Моя мама Фрэнсис, была дипломированной медсестрой, и обучалась сестринскому делу в г.Норт-Платт, Небраска. Мой брат Элиот родился 15 мая 1963, а я появился на свет 12 ноября 1964. Мама бросила свою карьеру медсестры, чтобы воспитать нас с братом. Она была очень жизнерадостная, милая и счастливая: она была типичной благородной добросердечной верующей мамой. Самой замечательной. Мой отец, наоборот, был очень строгим человеком: он выходил из себя, если слышал, что я сквернословлю, к примеру. Он был очень строгим родителем, а мама была дружелюбной.
В былые времена мой отец был скотоводом. У него случился сердечный приступ, когда мне было два годика вне всяких сомнений из-за того, что он курил и потому что среднезападная американская диета богата мясом, так что в конце концов он распродал крупный рогатый скот и перешел на зерновое хозяйство. Мой отец не был типичным фермером а-ля спецодежда и вилы: он был дальновидным бизнесменом. По сути все поколения Эллефсонов были дальновидными бизнесменами. Они были консервативными, образованными людьми, чтившими традиции и передававшими их из поколения в поколение.

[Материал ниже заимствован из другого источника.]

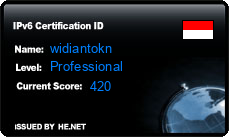 IPv6 Certification Badge for widiantokn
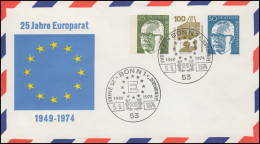 PU 60 25 Jahre Europarat 1949-1974, Passender SSt BONN 12 Sterne 5.5.1974 - Private Covers - Mint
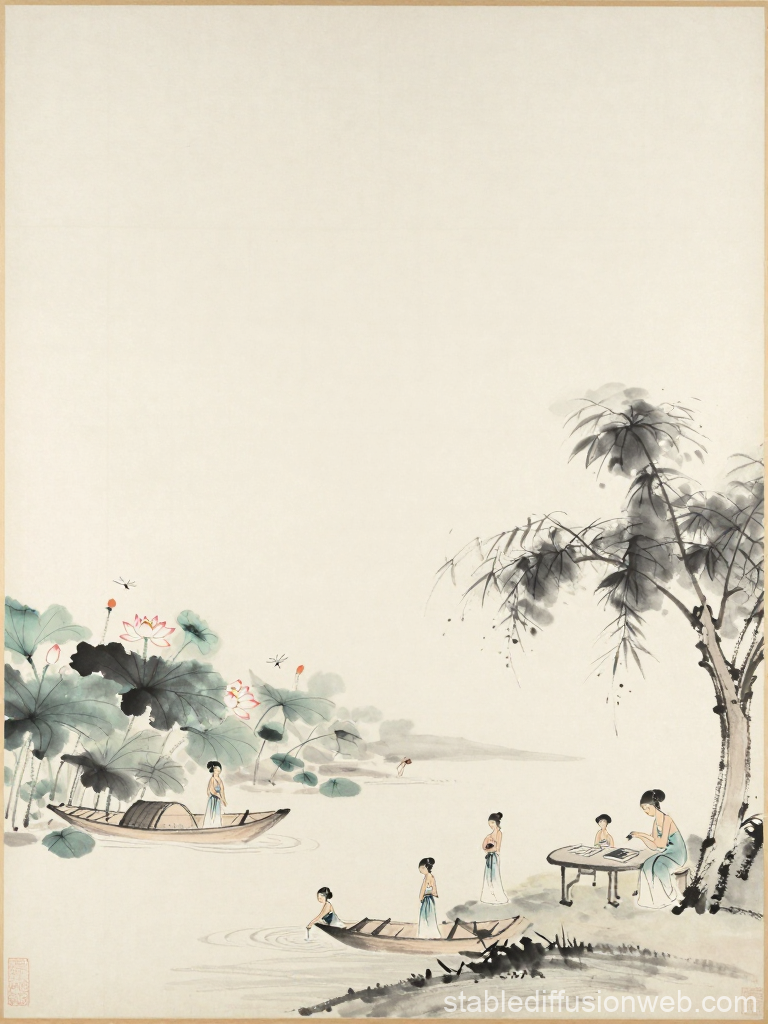 Serene Summer Scene with Lotus and Figures by the Water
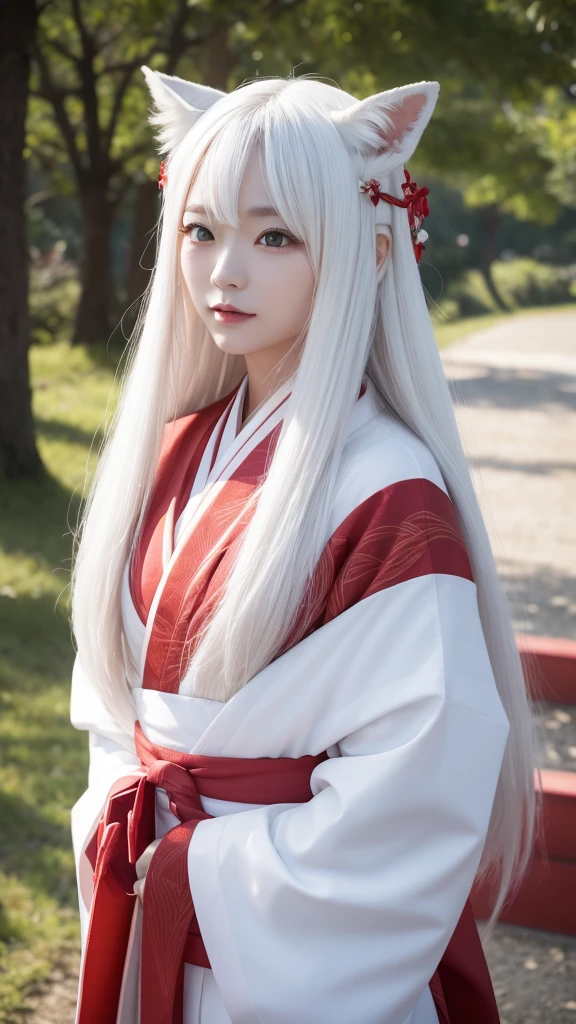 White Demon Fox、Nine-tailed Fox、Japanese women、kimono、Fair skin、Red lines on face、8K、I have long hair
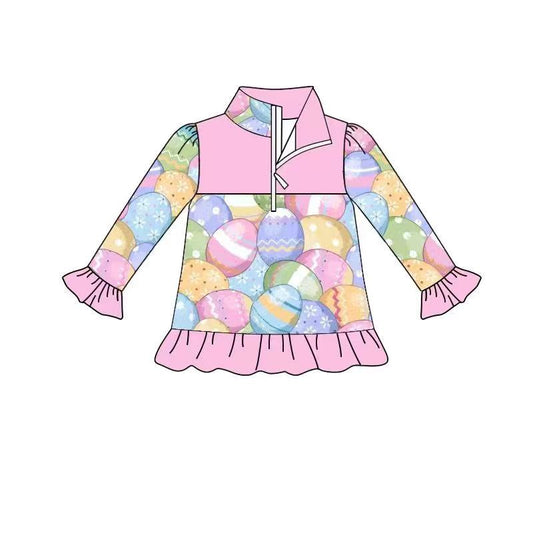 Baby Girls Easter Pink Eggs Ruffle Pullover Tops Preorder(moq 5)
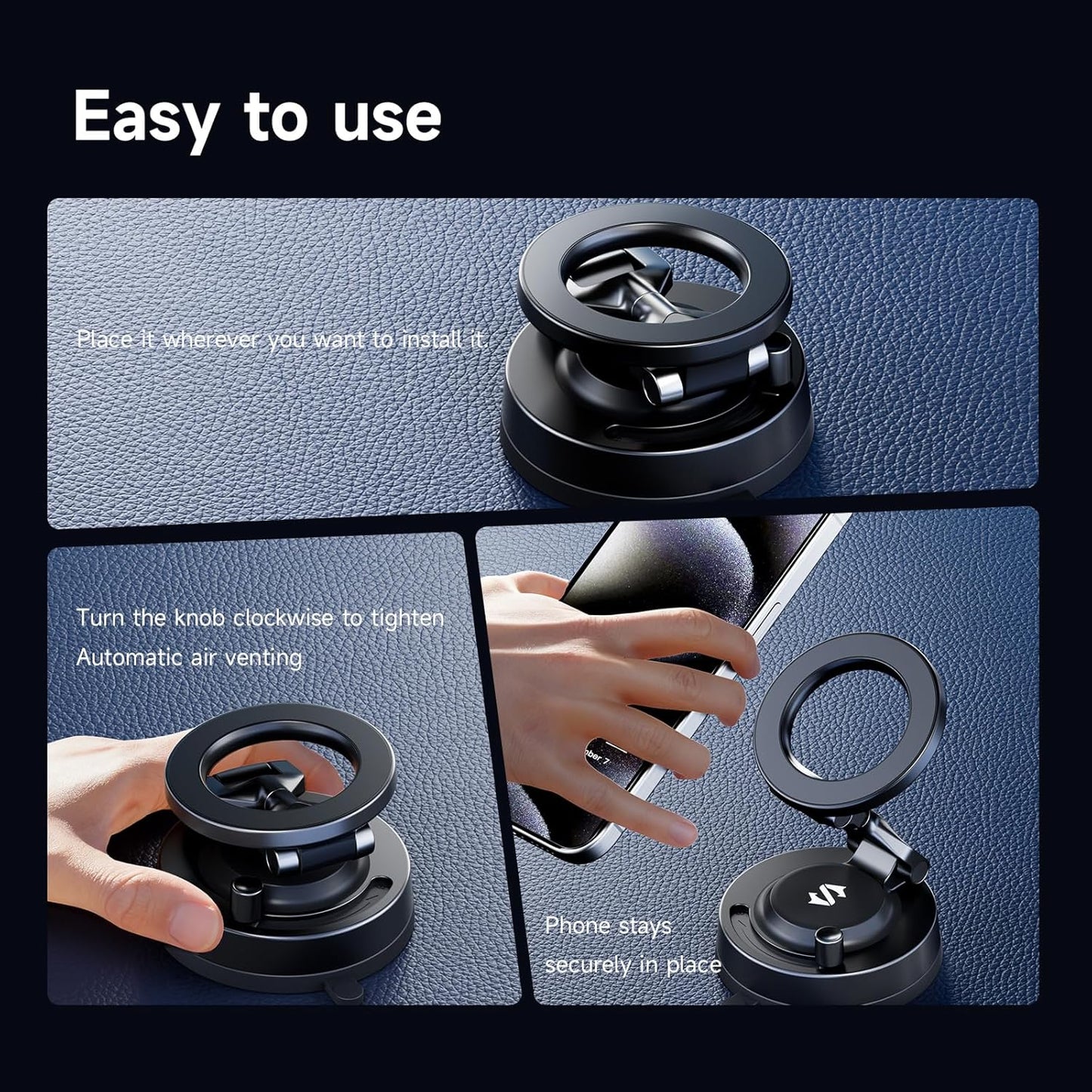 Black Shark Magnetic Car Phone Holder, Zinc Alloy Arm, 720° Adjustable MagSafe Mount with Vacuum Suction for iPhone 12-17/Pro/Max, Dashboard & Windshield Compatible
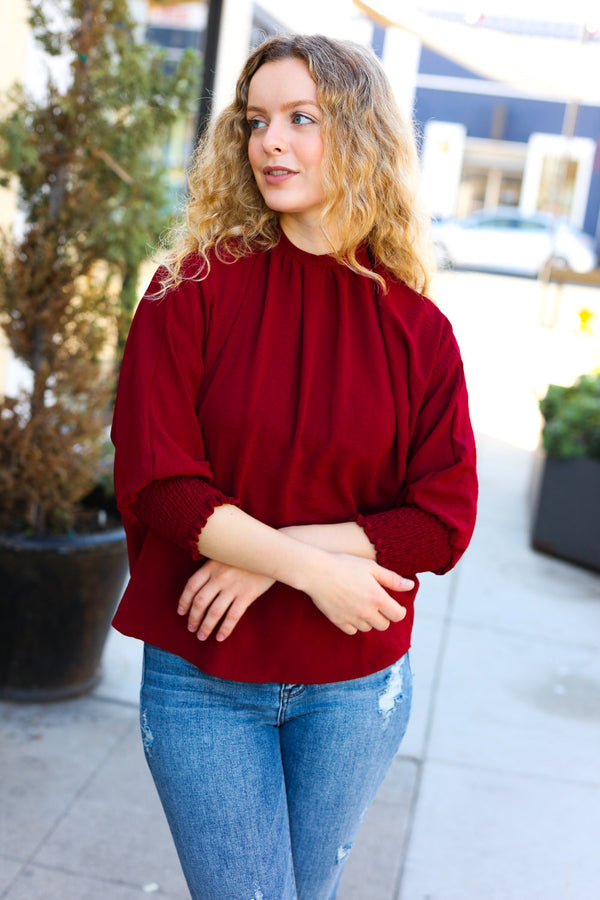 Bold Dreams Wine Smocked Three Quarter Sleeve Tie Back Top - Coeur de la Mode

Нам принадлежала ферма площадью в восемнадцать акров посреди целой мили равнинных сельхозугодий. В сущности, вся местность в Миннесоте, где я вырос, была разбита на квадратные мили, с большими просторными территориями с кукурузными и соевыми полями. Одно удовольствие было расти там, потому что можно было стрелять из ружий, стрелять стрелами из лука или гонять мяч для гольфа, и ничего не разобьешь. Нас окружали обширные пространства, и у нас никогда не было страха опасности, похищения, разбоя. Мы даже не запирали дом, уходя, а ключи оставляли в машине. Соседи заезжали к нам на чашку кофе, и болтали с моими родителями по несколько часов подряд. Жизнь на ферме была незамысловатой, и основывалась на работе, и жесткой трудовой дисциплине, отличавшей жителя этой части Среднего Запада.
Я воспитывался в лютеранских традициях, и трапезы нашей семьи всегда начинались с обязательной лютеранской молитвы: “Снизойди, Господи Иисусе, будь нашим гостем, пусть эта пища будет благословенной. Аминь”. Эту молитву проговаривали все присутствующие; и без разговоров! Трапезы были очень семейными – утро, полдень и вечер.

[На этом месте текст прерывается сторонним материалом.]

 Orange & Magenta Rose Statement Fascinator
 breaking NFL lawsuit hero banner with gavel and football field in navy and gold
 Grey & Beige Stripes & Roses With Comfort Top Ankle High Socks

Ни в коей мере я не был богат, но судя по сегодняшним стандартам, основная доля моего воспитания пришлась на верхушку среднего класса. Когда я был маленьким, моя семья располагала достаточно скромными средствами, но был период в 1970-х, когда дела в фермерской сфере пошли весьма неплохо. Ни с того, ни с сего мы перестраиваем дом и получаем новую мебель. Вероятно, самым явным признаком нашего новоявленного процветания было то, что мой отец построил крытый бассейн и несколько фермерских построек, а еще у нас стало пять машин в гараже.
Помню, как родители учили меня понимать наше новообретенное благосостояние, говоря: “Эй, послушай, мы собираемся построить бассейн. Во всем округе лишь у одной или двух семей есть еще бассейны, поэтому не хвастай об этом в школе”. Они практически предупреждали нас, что это благосостояние может привести нас к тому, что нас станут считать высокомерными и чванливыми, а мы этого не хотели. Правда заключалась в том, что фермерство во многом напоминает на музыкальный бизнес, буквально то густо, то пусто, и слишком многое не зависит от тебя. Нас заставляли усердно работать на ферме и быть смиренно благодарными за все блага.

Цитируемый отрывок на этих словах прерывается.